PHighter Friday: Becca

 At one month old, when my parents adopted they were told, "I has a 13% chance of survival to the age of 5."When she was 3 months old they were told by the doctors there was nothing more they could do... they felt that I had 6 months or less to live. Hospice started coming to our house to help my family through the darkness. When I was a year old we were told that "things" had changed with her heart. There was a surgical procedure that could be performed that would enable me to grow up!

Miracle #1.On November 19th 1993 when I was 13 months old I had my second open heart surgery. The operation went well but I would not come off of the heart and lung machine. I was put on ECMO, a portable heart lung machine considered a "heroic measure" and taken to the Intensive Care Unit. Four days later she was taken off of ECMO and a month later she left the hospital.

Miracle #2.When I was 26 months old we traveled to UCLA for my 3rd surgery. My family had been told it was very high risk and I would have a very "rocky" recovery period. I surprised everyone, did wonderfully and was home in 10 days.

Miracle # 3.When I was 5years old she had her 7th heart catherization. In this cath massive ballooning and the placement of 2 stents were performed. I began bleeding from her lungs... they felt it would be very difficult to stop the bleeding, and if the bleeding did not stop she would die.

Miracle # 4.I had surgery at Lucile Packard Children's Hospital (LPCH), part of Stanford, when she was 12 years old. She did well but 2 days after we returned home she was back in a local hospital’s Intensive Care Unit fighting desperately for her life. During surgery she had contracted a deadly infection Methicillin Resistant Stafyloccus Arus (MRSA) that raged through my body. After 5 weeks in intensive care I went home very weak, in a wheel chair, with a PIC line and 6 more weeks of IV medicine to finish.

Miracle # 5.In my 8th grade year I started having arrhythmias.
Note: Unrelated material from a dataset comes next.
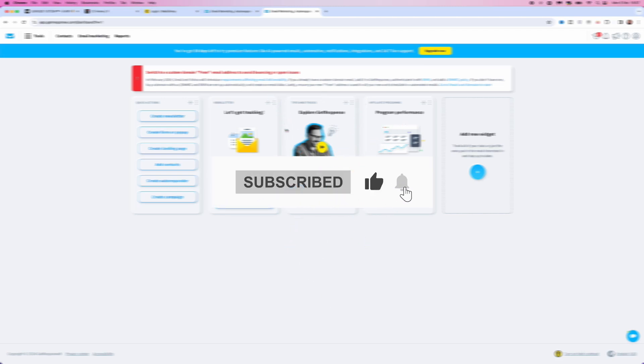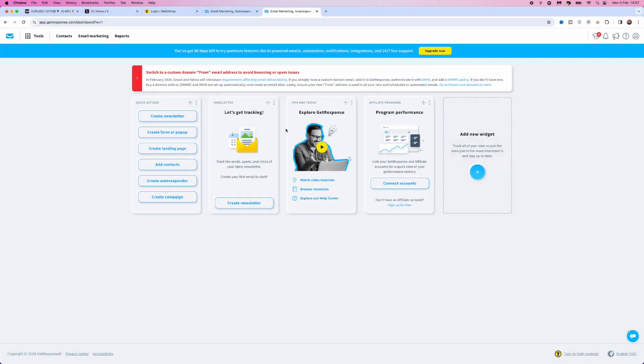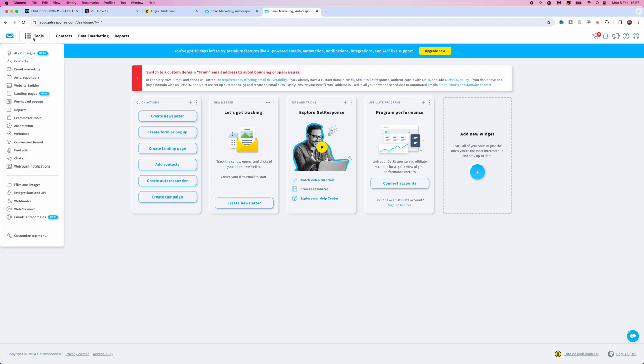In this video I will show you step by step how you can connect a custom domain to GetResponse. First, head over to GetResponse and log into your account. Once you are on GetResponse, go to the top left hand corner and click on the Tools option, which will bring you to this page.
After trying for 4 months to control my irregular heart beats my condition turned life threatening and I was life-flighted to LPCH. I spent 2 weeks in the intensive care unit as they increased a strong anti-arrhythmia medicine and placed into me an experimental pacemaker/defibrillator.

Miracle #6 Just this past summer I had to go all the way to Pittsburgh for a heart-lung transplant evaluation. After being turned down by 3 other centers, Pittsburgh was our last hope. Thankfully the surgeon has decided that he thinks he can successfully do the transplant, but that at this time I am too healthy.
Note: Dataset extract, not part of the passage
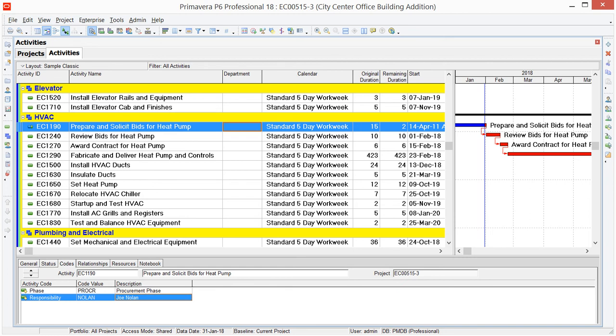But while these codes are super powerful, they can also be a real pain to assign to activities, especially if you've got a meaty schedule with a lot of activities and you're using this Codes Detail tab here. Well, that's where Fill Down saves the day.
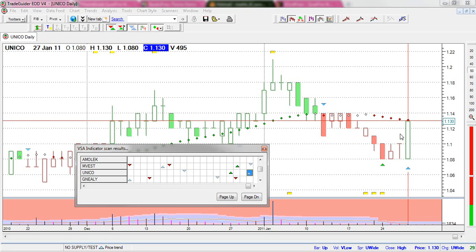And that's all I have for this tutorial on how to use the VSA indicator scanner. Thank you.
Looking back at my life, there were more than a few times when I wasn’t expecting to make it. Now I just celebrated my 22nd birthday with family and friends. Going to college was something my family didn’t know I’d be able to do, but I’m in my 3rd year at a community college and I love it.

I was lucky in the sense that I was born with my PH (secondary to my heart defect) because I have had my whole life to learn how to cope with this and I don’t have an old life to look back on and miss. But there have been times when I think about having a normal life or the things I wish I was able to do (go on roller coasters, fly without oxygen and go into the mountains) and miss the thought of those experiences.

In all honesty though, I’m not sure I’d change the fact that I’m sick if I was given a chance to. If I hadn’t been born sick I wouldn’t have been adopted by the amazing family I have now, wouldn’t have gone to the wonderful heart camp where I made so many friends, might not have picked up my two favorite hobbies; writing and performing ASL. Having PH has impacted my life negatively and I know I will more than likely die from it, but I’ve learned to look at what it has given me as well.

They say "It takes a village to raise a child." For me the saying would need to be changed to "It has taken five hospitals (in 3 different states), 4 pediatric cardiothoracic surgeons, several pediatric cardiologists, intensivists, pulmonologists, pulmonary hypertension specialists, infectious specialists, nurse practioners, nurses, respiratory therapists, a wonderful pediatrician, a special child psychologist, a loving family, caring friends and understanding teachers and schools to raise me and allow me to thrive as much as I have.